── Data segment ──

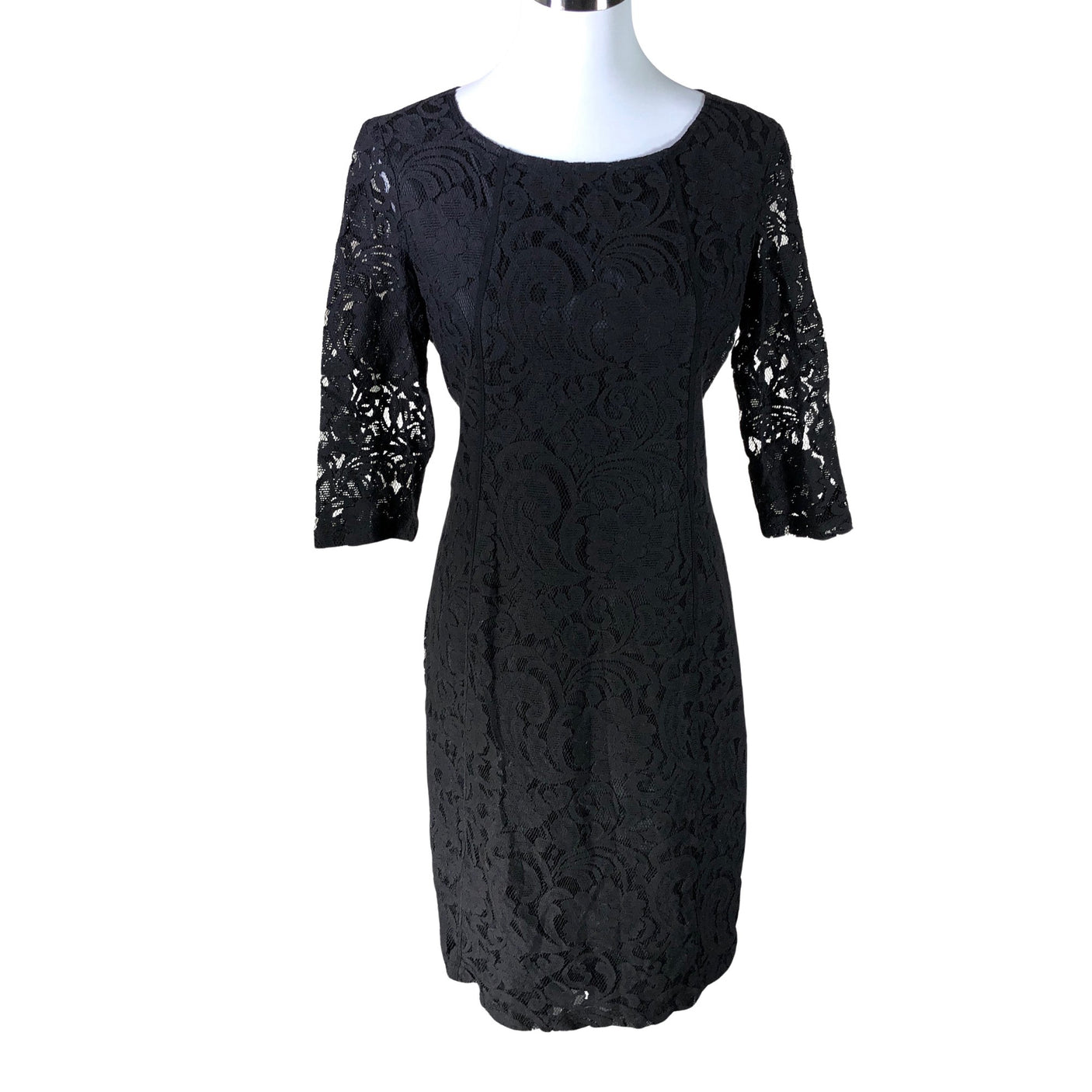 Unisex InWear - Juhlamekko, koko 40 - (1)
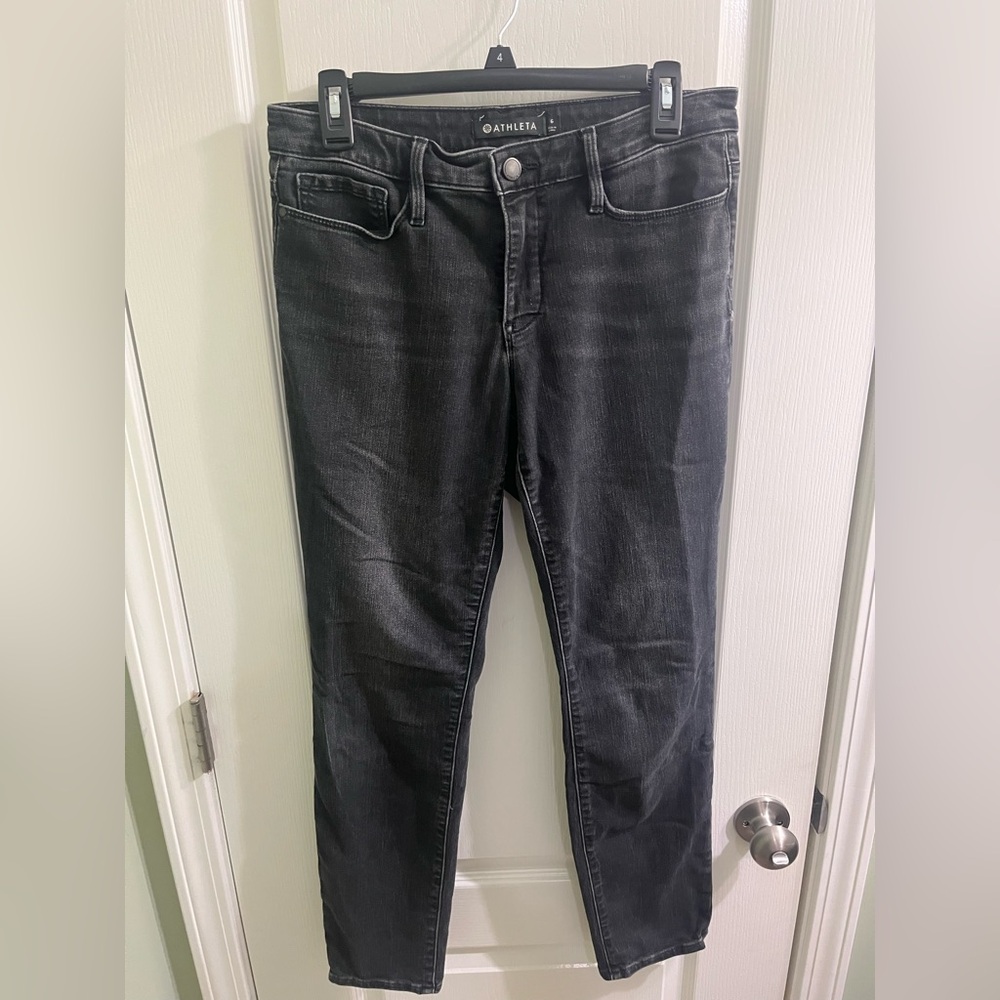 Athleta jeans
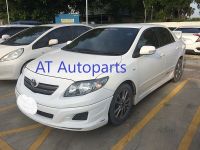 โช๊คอัพ โช๊ค โช้คอัพ โตโยต้า อัลติส Toyota Altis ปี2008-2013 ยี่ห้อ Monroe รุ่น OESpectrum 1 คัน (หน้า+หลัง)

───

#### Your task:
Leave out the pictures. Transcribe the rest of the listing above exactly.

#### Output of the exercise:
 Unisex InWear - Juhlamekko, koko 40 - (1)
 Athleta jeans
 โช๊คอัพ โช๊ค โช้คอัพ โตโยต้า อัลติส Toyota Altis ปี2008-2013 ยี่ห้อ Monroe รุ่น OESpectrum 1 คัน (หน้า+หลัง)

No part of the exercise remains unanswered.